The letter outlines challenges that Canadian graduate education faces, however. It also notes that these challenges are particularly pressing, given the global rush to attract research talent that is fleeing the United States. 

“We’ve got data that shows the average European graduate stipend can be as much as five times what’s paid out in Canada,” Hunter Yaworski, a member of the Elected Council, said. “And 

that’s adjusted for cost of living. We won’t be able to keep our own students from leaving Canada with salaries like that, let alone convince others to study here.” 

The letter additionally highlights the caps on international student provincial attestation letters (PALs), which currently apply to graduate programs as well as undergraduates and polytechnic students, as hurting Canada’s competitiveness.

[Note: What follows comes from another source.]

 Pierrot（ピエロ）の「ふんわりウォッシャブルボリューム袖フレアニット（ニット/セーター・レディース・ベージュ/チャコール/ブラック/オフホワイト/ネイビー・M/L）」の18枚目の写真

It also identifies culture war rhetoric around federal funding for research as being a distraction from much needed discussions around how student and faculty research projects are evaluated. 

“[The PAL] caps haven’t just cost institutions money,” Yaworski said, “they’re actively preventing these places from expanding their graduate enrollment. We’ve got the best opportunity possible to convince researchers from the United States to study here, and we’ve effectively tied our shoes together.” 

“And the ‘anti-woke’ rhetoric surrounding federal research projects—especially in the social sciences and humanities—is deeply unhelpful,” Saaka added. “Not the least because it is the same sort of rhetoric that is driving so many researchers out of America in the first place.”